I love to have business meetings at my house. We get the panoramic view of what’s happening on the street, in the backyard, and at the neighbor’s from my office.
Yesterday I was lucky to host Faith, wellness coach and woman of action! We shared some stories, brainstormed some ideas (look for a Catalyst Cooks collaboration coming soon!), ate lunch…. and stumbled on a recurring theme that I need to personally remind myself of pretty often.
That is- I forget my life before I learned how to cook.
I forget how I didn’t know how to grocery shop for healthy, basic foods. I forget that I didn’t know how to plan a menu for my week. I forget that I didn’t know what saute means!
I also forget how I used to buy pre-made things because I didn’t know how to make them. Since then I’ve learned- making a lot of things is pretty fun. and, once you get the hang of it, pretty easy too!
So today, I’ll cover something easy to make, that I used to buy (a lot).

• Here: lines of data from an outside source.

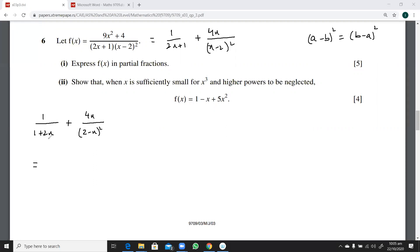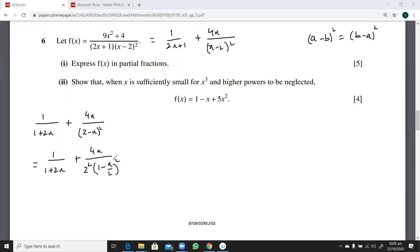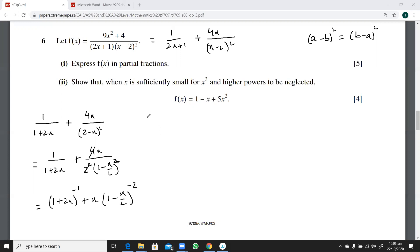So I have just written x minus 2 whole square as 2 minus x whole square. Now in the next step, I'll keep writing it until I get it in the required form. I need to take 2 out from these brackets — 2 squared would be taken as common, giving 1 minus x over 2 whole square. The 4 is canceled by the 4, so we have 1 plus 2x raised to power minus 1, plus x into 1 minus x over 2 raised to power minus 2.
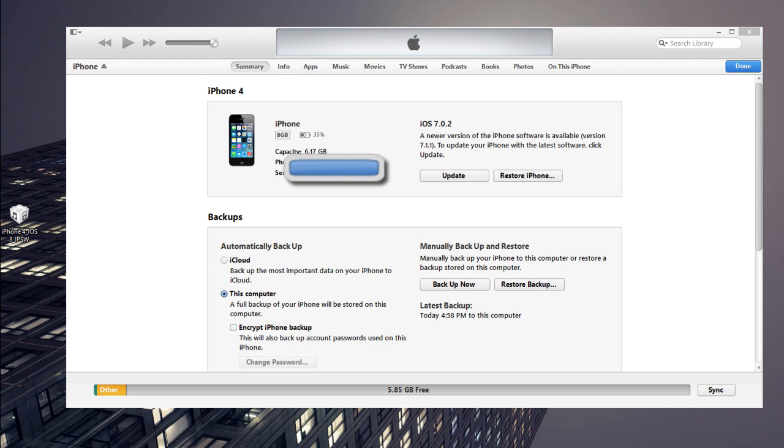You can see I have an iPhone 4 connected here and you're going to have to download a file, an IPSW file, which I'll have in the description. At the moment I do not have the files uploaded but when I do I will put them in description so stay tuned.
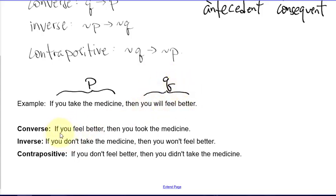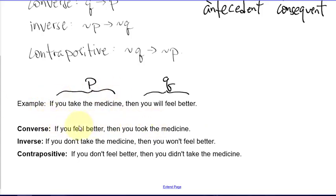The converse is: 'If you feel better, then you took the medicine.' The inverse is: 'If you don't take the medicine, then you won't feel better.' And the contrapositive is: 'If you don't feel better, then you didn't take the medicine.' Note that tense differences are not distinguished logically in these translations.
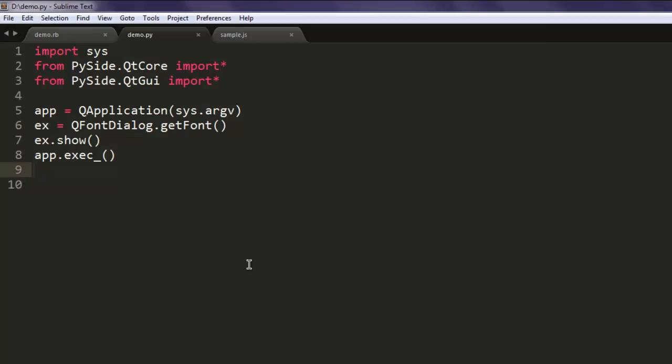You can pause the video and go through the code.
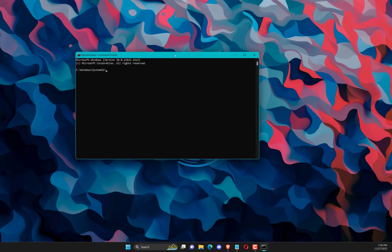Type SFC scannow and press Enter. The command is added in video description. When the process completes, close command prompt.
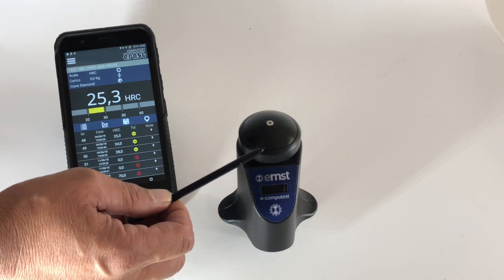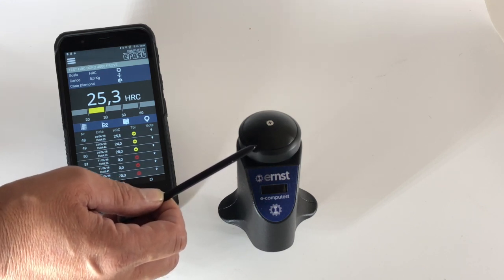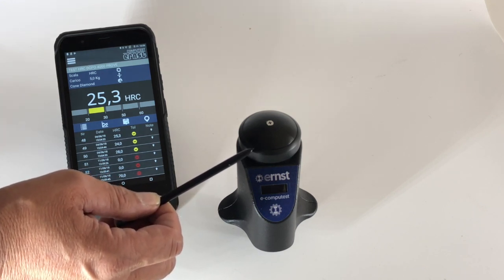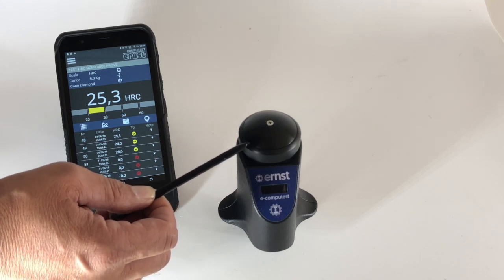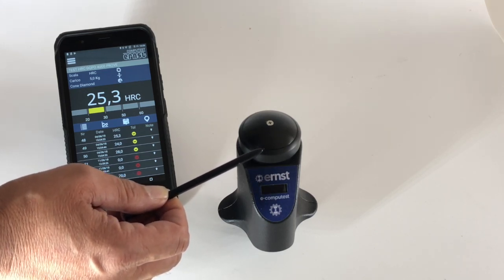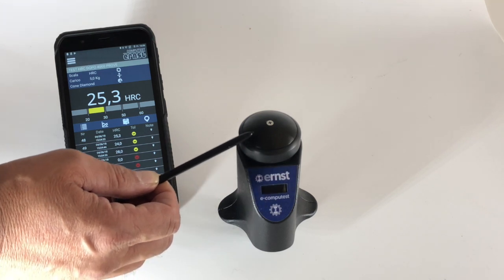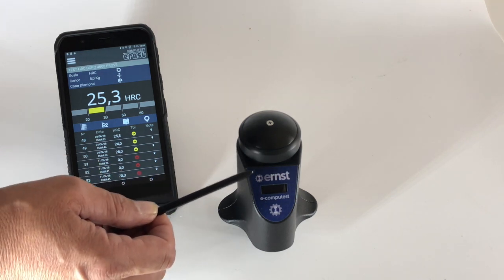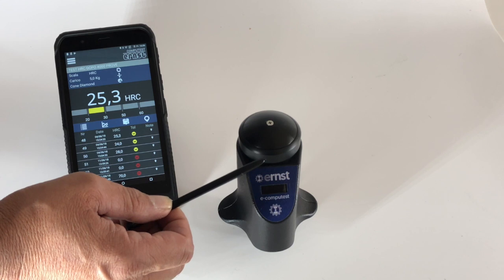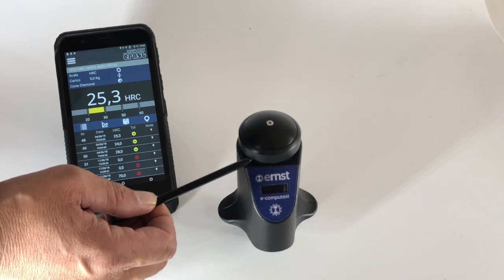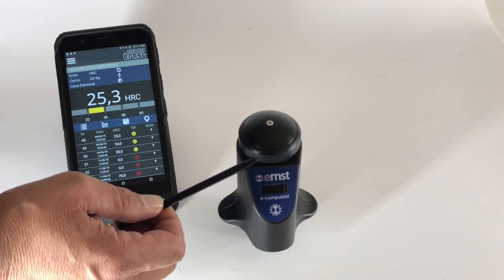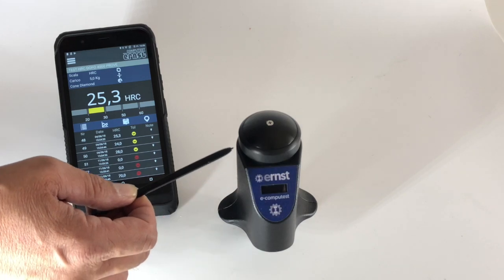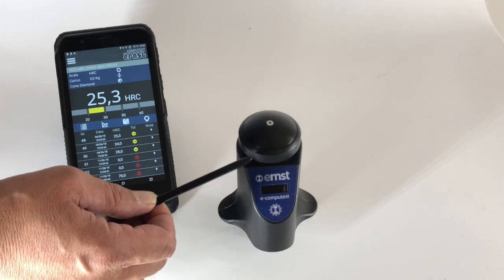And then we can have Vickers but also DP TH, which is depth. The repeatability of the instrument is better than one percent, or plus minus 0.3 HRC.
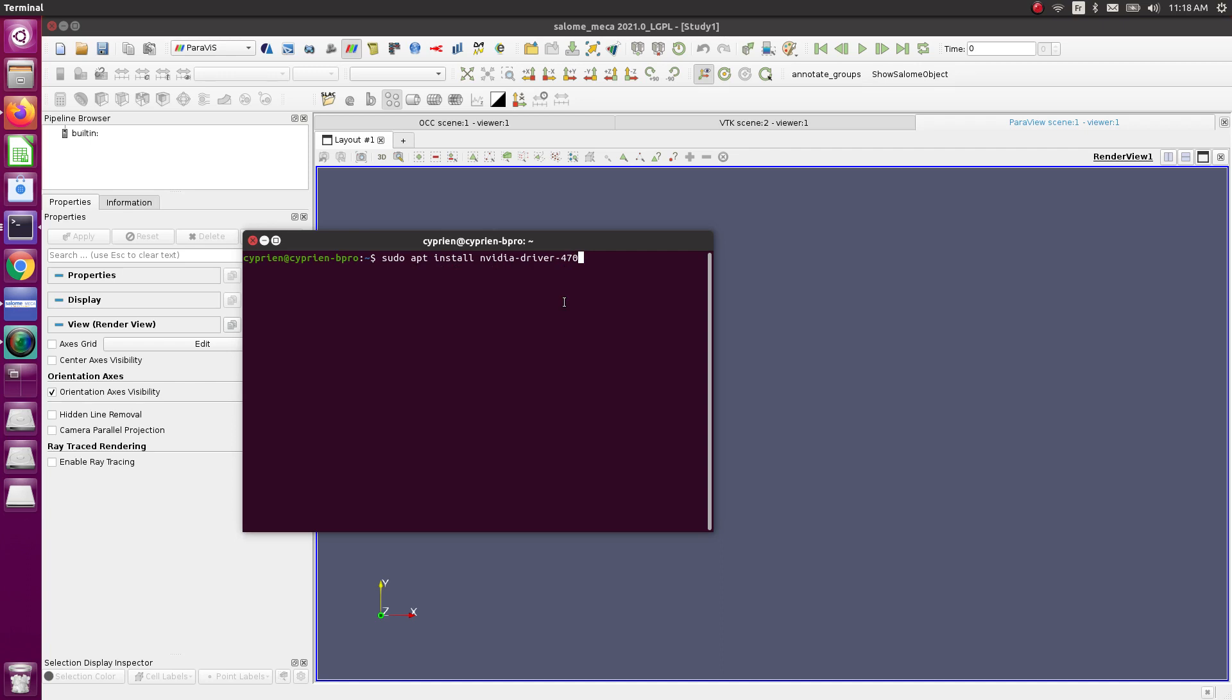You'll have to enter a secure boot password as well. Once you do that, use this command: sudo prime-select nvidia to make sure that those drivers are selected. Then you reboot your computer.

Hummus.
The main ingredient in hummus is garbanzo beans (also known as chickpeas).
I used to always buy the canned version.
I learned that canned Garbanzos can be found in multiple places in my grocery store, but that they are cheapest in the Mexican section of the store.
Now, I’m started to buy the dry beans. That just requires a bit more planning, because then I soak the beans overnight.
The benefit of using canned beans is that they are immediately ready when you are- just rinse and drain.
However, the dried beans are cheaper. I can take out and soak just the quantity I want- Sometimes I may want hummus just for me.
Next step is the garlic.
I like to use fresh garlic, always.
Although the minced fresh garlic in the jar is a close second.
I *love* garlic and like to use a lot of it when I make hummus- maybe four of the larger cloves for a can of garbanzo beans.
I press each clove through my garlic press to make sure it’s minced evenly and well, although it would work fine to mince it by hand.
Other ingredients (I assume you are using a can of chickpeas):
The juice of a lemon (be sure to reserve a slice from the middle for garnish)
a bit (1.5 Tablespoons) of Tahini (sesame seed paste- I use a couple teaspoons of peanut butter as a cheat substitute since I don’t have tahini around)
olive oil- for richer hummus, use 1/4 Cup. For lighter hummus, use a couple of tablespoons and then add 1/4 Cup water or plain yogurt (I use fat free yogurt- I like to drain it first in a strainer over a clean paper towel to remove as much liquid as possible)
salt and pepper to taste – I use just a pinch
You can increase the amount of fat-free plain yogurt, which increases the volume of the hummus and reduces each serving’s calories.
Put everything in your food processor and pulse/blend it to your desired consistency.
I like to add a bit of paprika and my reserved lemon slice on the top of my hummus to “dress it up.”
Serve with pita triangles, cut vegetables (instead of dip), crackers… and be ready for a yummy, garlic-infused treat!
This recipe makes approximately 20 ounces of hummus. Enjoy with friends!
And don’t forget the wine… this hummus is flexible enough to pair with just about anything. I like it with Parley Lake Winery’s Frontenac Rosso, and I find that the chickpea and tahini allows the cherry-fruit and tobacco notes in the wine to shine.